1.4 quadrillion isn't that big a number any more -- definitely
in the feasible range sometime in the future. The Awari oracle
(an endgame database that covers every reachable position in the
game!) is a little under a trillion positions, and the 10-piece
checkers endgame database has more than 39 trillion positions.
Building the database would reveal unreachable positions, if
there are any. But it isn't clear that it would offer enough
value to be worth building, because the equity assessments for
race positions can be estimated quite accurately by others means.
- Darse.
happyjuggler0
> > Bonus puzzle for discussion:
> >
> > Are there any no-contact positions that are unreachable?

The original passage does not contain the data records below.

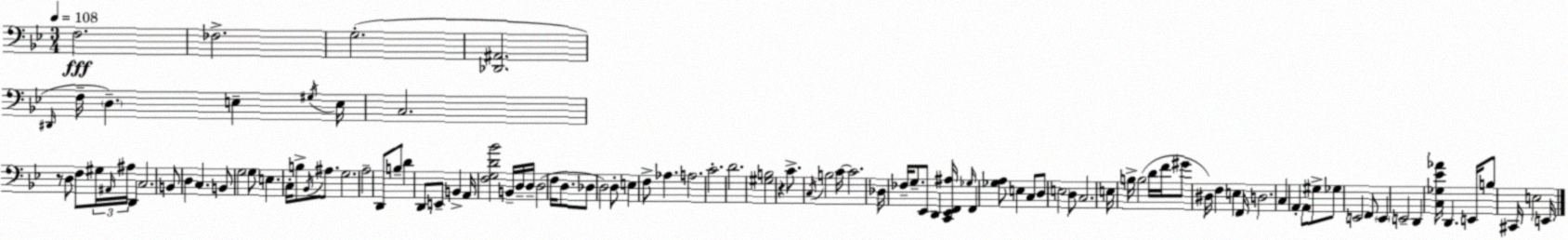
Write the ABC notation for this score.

X:1
T:Untitled
M:3/4
L:1/4
K:Gm
F,2 _F,2 G,2 [_D,,^A,,]2 ^D,,/4 F,/4 D, E, ^G,/4 E,/4 C,2 z/2 D,/2 F,/2 ^G,/4 ^A,,/4 ^A,/4 D,, C,2 B,,/2 D, C, B,,/2 G,2 G,/2 E, C,/4 B,/2 _B,,/4 ^A,/2 G,2 A,2 D,,/2 B,/2 D D,,/2 E,,/2 B,, A,,/4 [F,G,D_B]2 B,,/4 D,/4 D,/4 D,2 F,/4 D,/2 _D,/2 D,2 D,/2 E, F,/2 _A, A,2 C2 D2 [^G,B,]2 z C/2 C,/4 B,2 C/4 C2 _D,/4 _F,/4 G,/2 _E,,/2 D,, [C,,_E,,F,,^A,]/4 _G,/4 F,, [_G,A,]/2 E, C,/2 D,/2 E,2 D,/2 C,2 E,/4 B,/4 B,2 D/4 F/4 ^G/2 ^D,/4 F, E, F,,/4 D,2 C, A,, A,,/2 ^G,/2 _G,/2 E,,2 F,,/2 E,, E,,2 D,, [C,_G,_E_A]/4 D,, E,,/4 B,/2 ^C,,/4 E,2 E,,/4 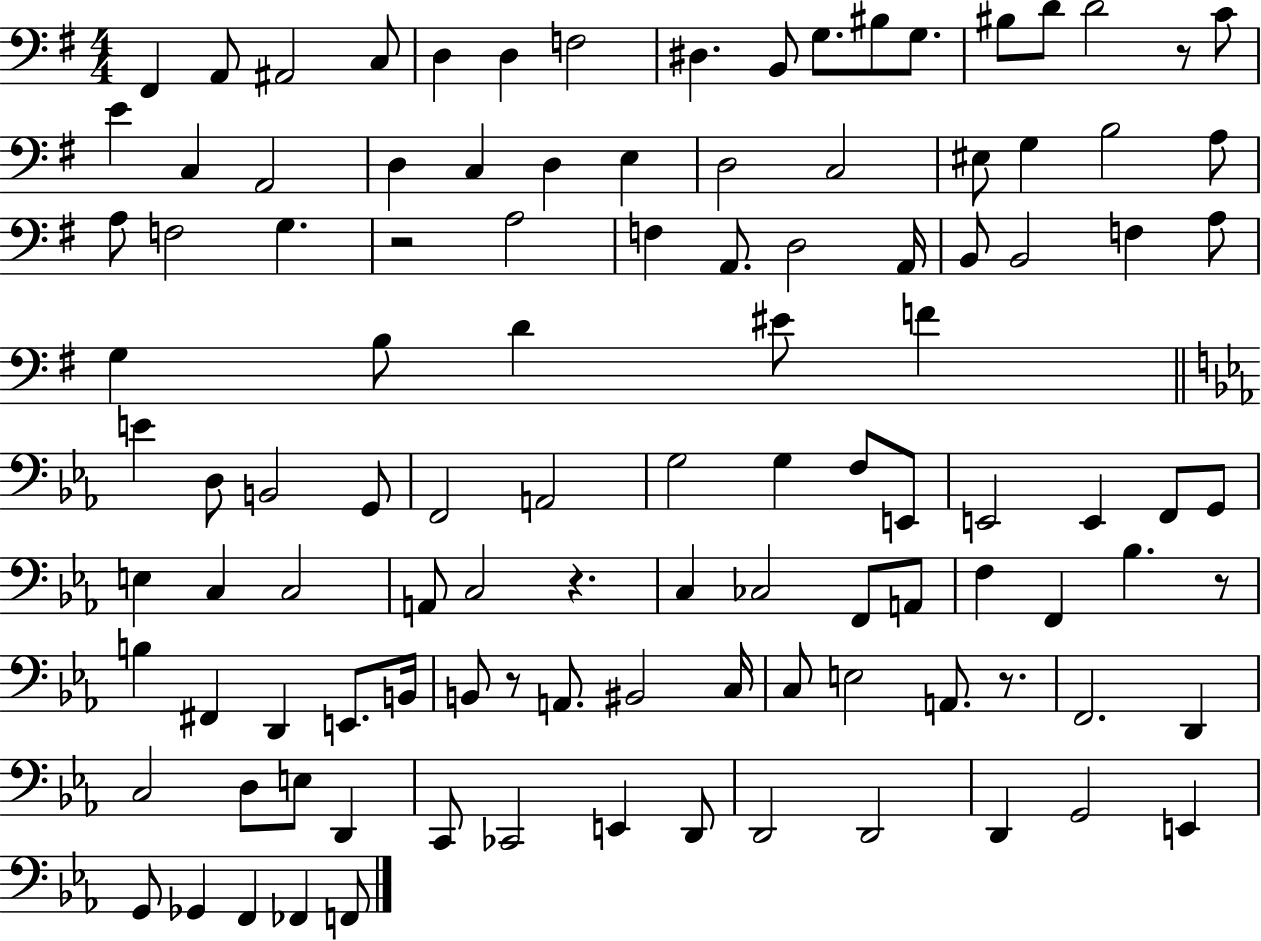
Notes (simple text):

F#2/q A2/e A#2/h C3/e D3/q D3/q F3/h D#3/q. B2/e G3/e. BIS3/e G3/e. BIS3/e D4/e D4/h R/e C4/e E4/q C3/q A2/h D3/q C3/q D3/q E3/q D3/h C3/h EIS3/e G3/q B3/h A3/e A3/e F3/h G3/q. R/h A3/h F3/q A2/e. D3/h A2/s B2/e B2/h F3/q A3/e G3/q B3/e D4/q EIS4/e F4/q E4/q D3/e B2/h G2/e F2/h A2/h G3/h G3/q F3/e E2/e E2/h E2/q F2/e G2/e E3/q C3/q C3/h A2/e C3/h R/q. C3/q CES3/h F2/e A2/e F3/q F2/q Bb3/q. R/e B3/q F#2/q D2/q E2/e. B2/s B2/e R/e A2/e. BIS2/h C3/s C3/e E3/h A2/e. R/e. F2/h. D2/q C3/h D3/e E3/e D2/q C2/e CES2/h E2/q D2/e D2/h D2/h D2/q G2/h E2/q G2/e Gb2/q F2/q FES2/q F2/e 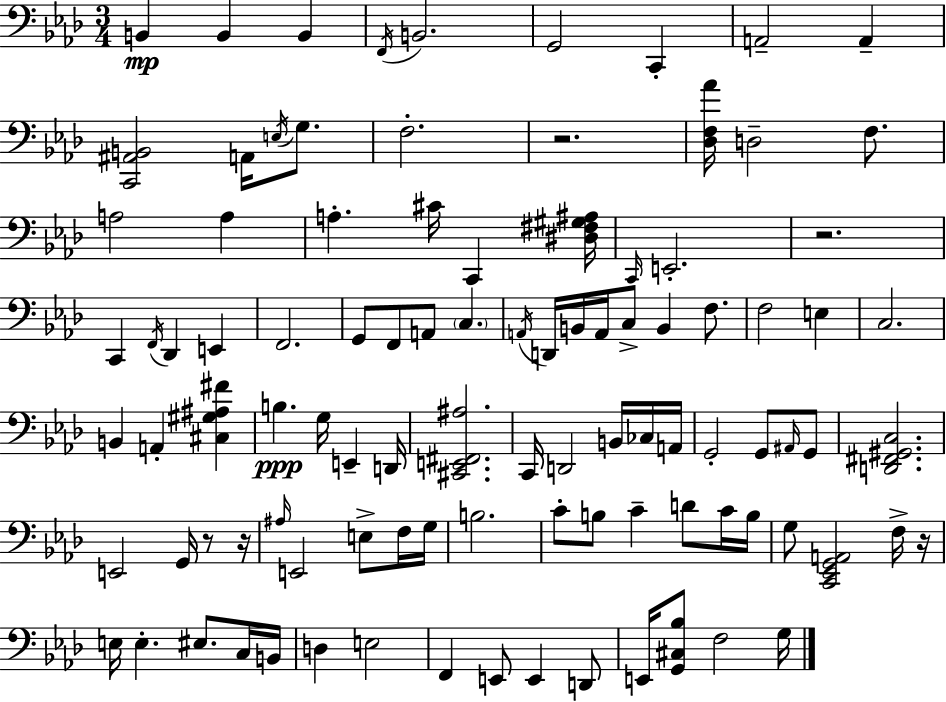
{
  \clef bass
  \numericTimeSignature
  \time 3/4
  \key aes \major
  b,4\mp b,4 b,4 | \acciaccatura { f,16 } b,2. | g,2 c,4-. | a,2-- a,4-- | \break <c, ais, b,>2 a,16 \acciaccatura { e16 } g8. | f2.-. | r2. | <des f aes'>16 d2-- f8. | \break a2 a4 | a4.-. cis'16 c,4 | <dis fis gis ais>16 \grace { c,16 } e,2.-. | r2. | \break c,4 \acciaccatura { f,16 } des,4 | e,4 f,2. | g,8 f,8 a,8 \parenthesize c4. | \acciaccatura { a,16 } d,16 b,16 a,16 c8-> b,4 | \break f8. f2 | e4 c2. | b,4 a,4-. | <cis gis ais fis'>4 b4.\ppp g16 | \break e,4-- d,16 <cis, e, fis, ais>2. | c,16 d,2 | b,16 ces16 a,16 g,2-. | g,8 \grace { ais,16 } g,8 <d, fis, gis, c>2. | \break e,2 | g,16 r8 r16 \grace { ais16 } e,2 | e8-> f16 g16 b2. | c'8-. b8 c'4-- | \break d'8 c'16 b16 g8 <c, ees, g, a,>2 | f16-> r16 e16 e4.-. | eis8. c16 b,16 d4 e2 | f,4 e,8 | \break e,4 d,8 e,16 <g, cis bes>8 f2 | g16 \bar "|."
}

If o is on roll and x has all her checkers on her 1pt and o has 2
checkers each on x's 2,3,4,5,6,7 points with the 3 spares anywhere on
the board then that is impossible because x could not have made a
legal move last turn. The same holds true for all positions where x
has all 15 checkers on 1 point with a 6-prime directly behind them
with o on roll. Also if there are 14 checkers with the 15th being 1 or
2 pips forward (e.g. 14 on the 6pt and 1 on the 5 or 4pt) and also
with 13 on a point and the other 2 on the next point (e.g. 13 on the
6pt and 2 on the 5pt). All these positions are with the priming player
on roll. I will let someone else count how many positions that is. :)
happyjuggler0
Another example 13 on the 6pt and 3 on the 5pt with a 6-prime behind
it. Again,this does not have to be the 6pt and I have no intention
whatsoever of counting all the positions. The 3 spares are by
definition in non-contact positions by the way.